Transcribe the whole listing below without changing a word, but leave out every image.

Input data.
========================================================================

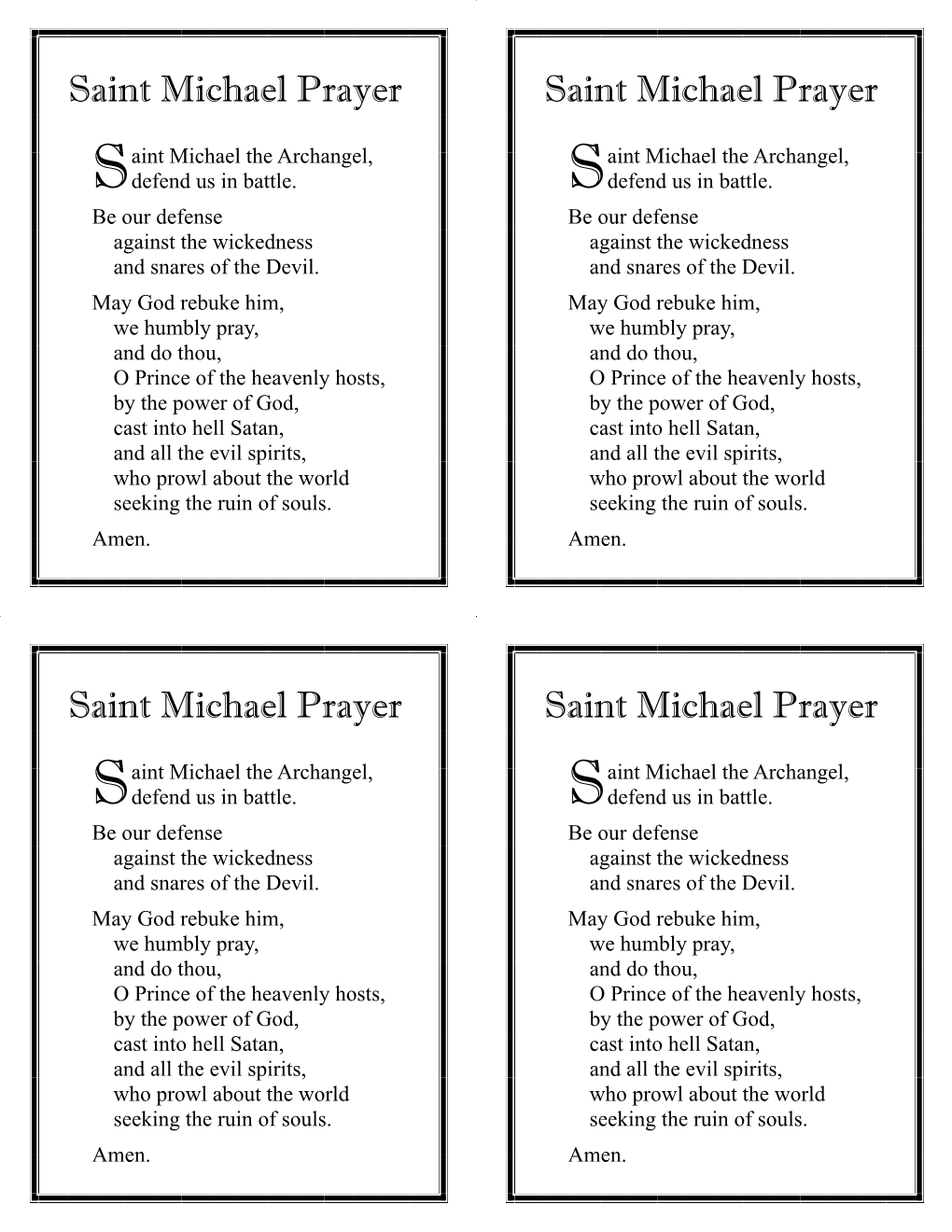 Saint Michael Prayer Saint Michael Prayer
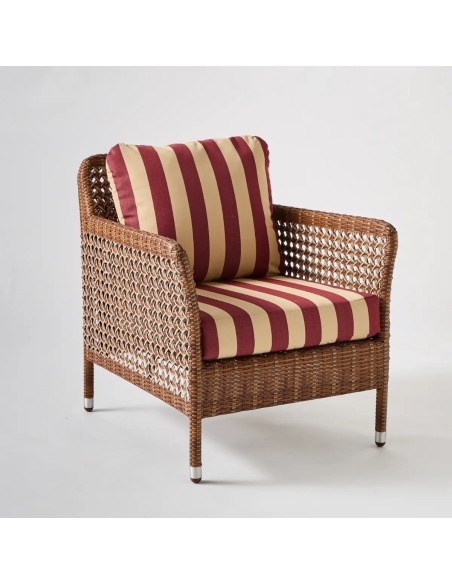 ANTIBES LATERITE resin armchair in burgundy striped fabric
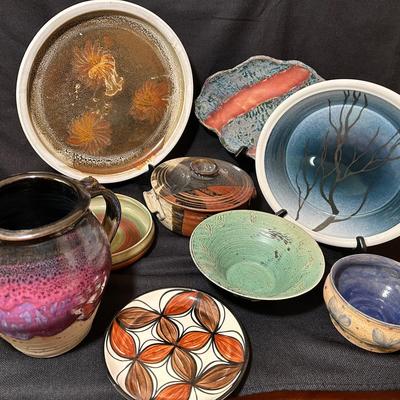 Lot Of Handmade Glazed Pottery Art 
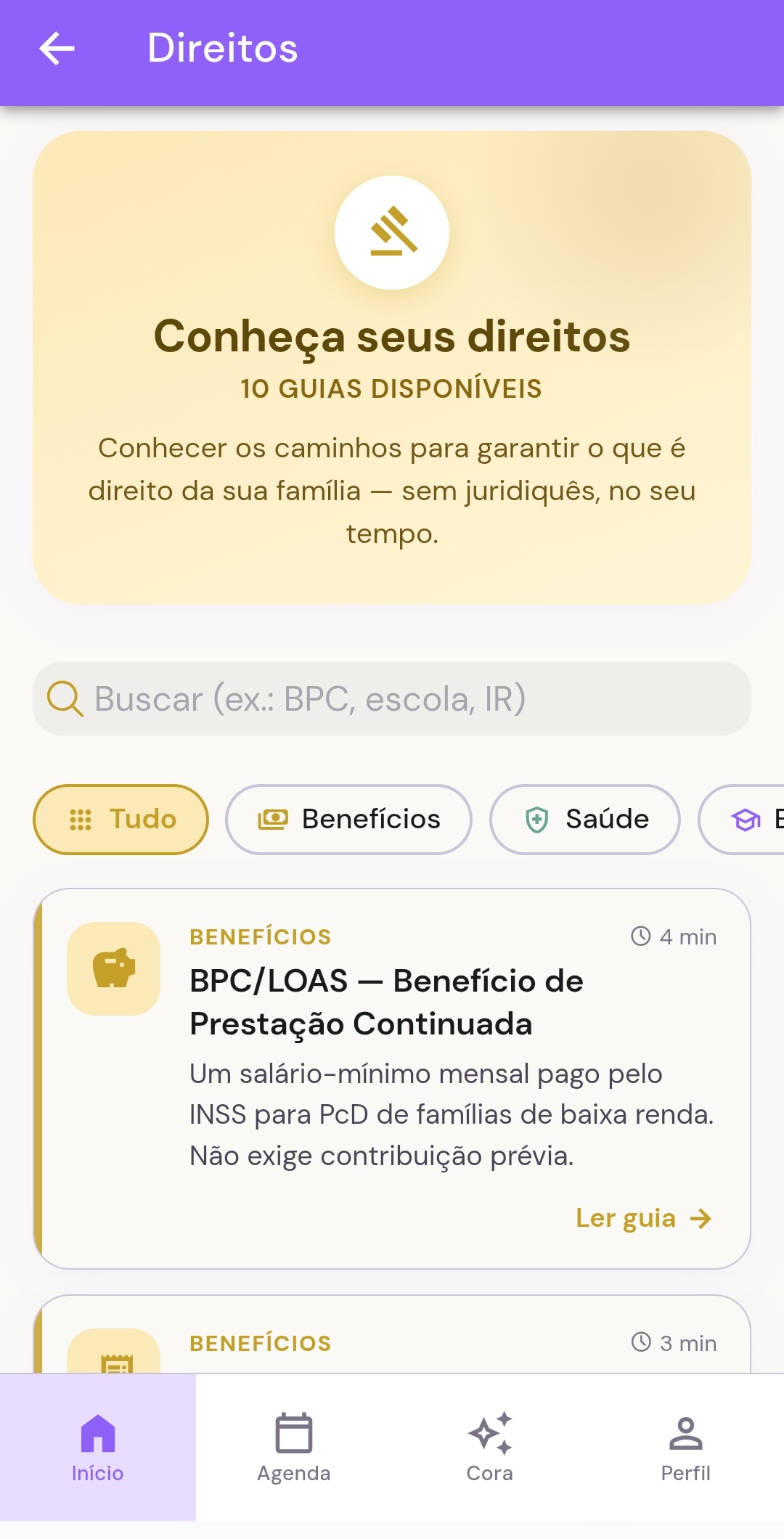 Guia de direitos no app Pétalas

========================================================================

Written response.
 Saint Michael Prayer Saint Michael Prayer
 ANTIBES LATERITE resin armchair in burgundy striped fabric
 Lot Of Handmade Glazed Pottery Art 
 Guia de direitos no app Pétalas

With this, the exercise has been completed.